On the night of December 9, cyber-criminals breached multiple content management systems to gain access to 22 different websites operated by Lithuania's public sector. The attackers then published articles containing misinformation on the sites.

Among the fake news posted by the threat actors was a story that alleged a Polish diplomat, carrying illegal drugs, weapons, and money, had been detained at the Lithuanian border. This fictitious story was shared on the website of the State Border Guard Service (VSAT). 

Another article claimed that corruption had been uncovered in the Šiauliai airport, where NATO’s Baltic air-policing mission is housed.

A third piece of misinformation promulgated in the attack inflated figures to make it appear as though more Lithuanians had been drafted into the military than was the case.  

An investigation into the attack by the Defense Ministry’s National Cyber Security Centre (NKSC) found that the websites targeted by the attackers were mostly run by regional municipalities. 

In a statement published on Wednesday, Lithuania's defense minister, Arvydas Anušauskas, described the digital assault as one of the "biggest and most complex" cyber-attacks to hit the republic in recent years. 

Anušauskas added that the attack, which took place “on the eve of the government’s transition [...] was prepared in advance and with a goal in mind.” 
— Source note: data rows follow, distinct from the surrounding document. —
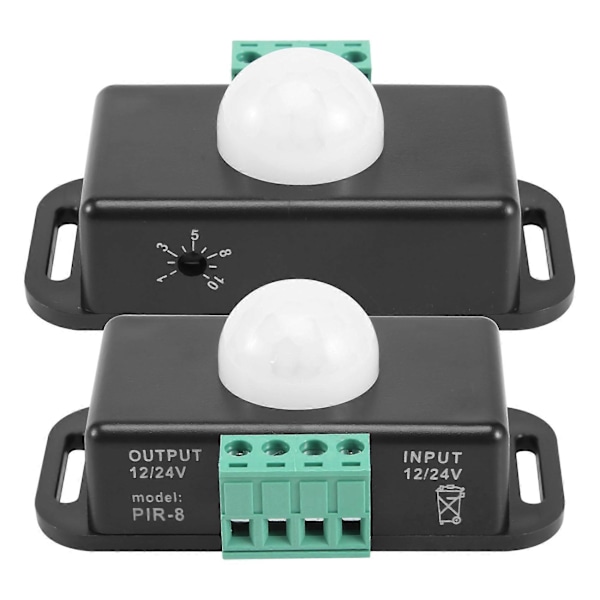 Rörelsesensorsbrytare, 12V 24V PIR-sensor LED för flexibla LED-stripsljus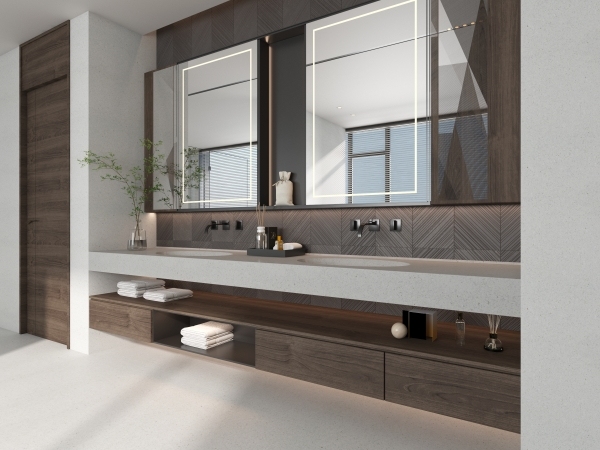 MT005 Durable Integrated Basin Sinks Stone Products for Commercial Projects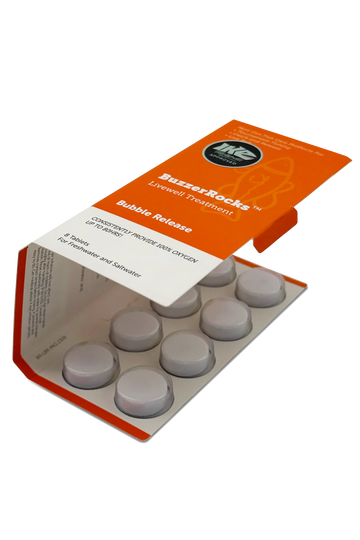 BUZZERROCKS LIVEWELL TREATMENT BUBBLE REALEASE - 0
After hacking into the systems and posting the false articles, the attackers launched an email spoofing campaign to spread the misinformation as far as possible. The attackers impersonated the defense and foreign ministries as well as the Šiauliai Municipality Administration to send out emails containing links to the fallacious stories. 

“This shows huge gaps in cybersecurity of the public sector,” said Anušauskas.

Following the attack, the NKSC has submitted a number of cybersecurity recommendations to municipalities. These include actively searching for vulnerabilities, limiting access to content management systems, installing a firewall, and avoiding the use of passwords that are easy to guess.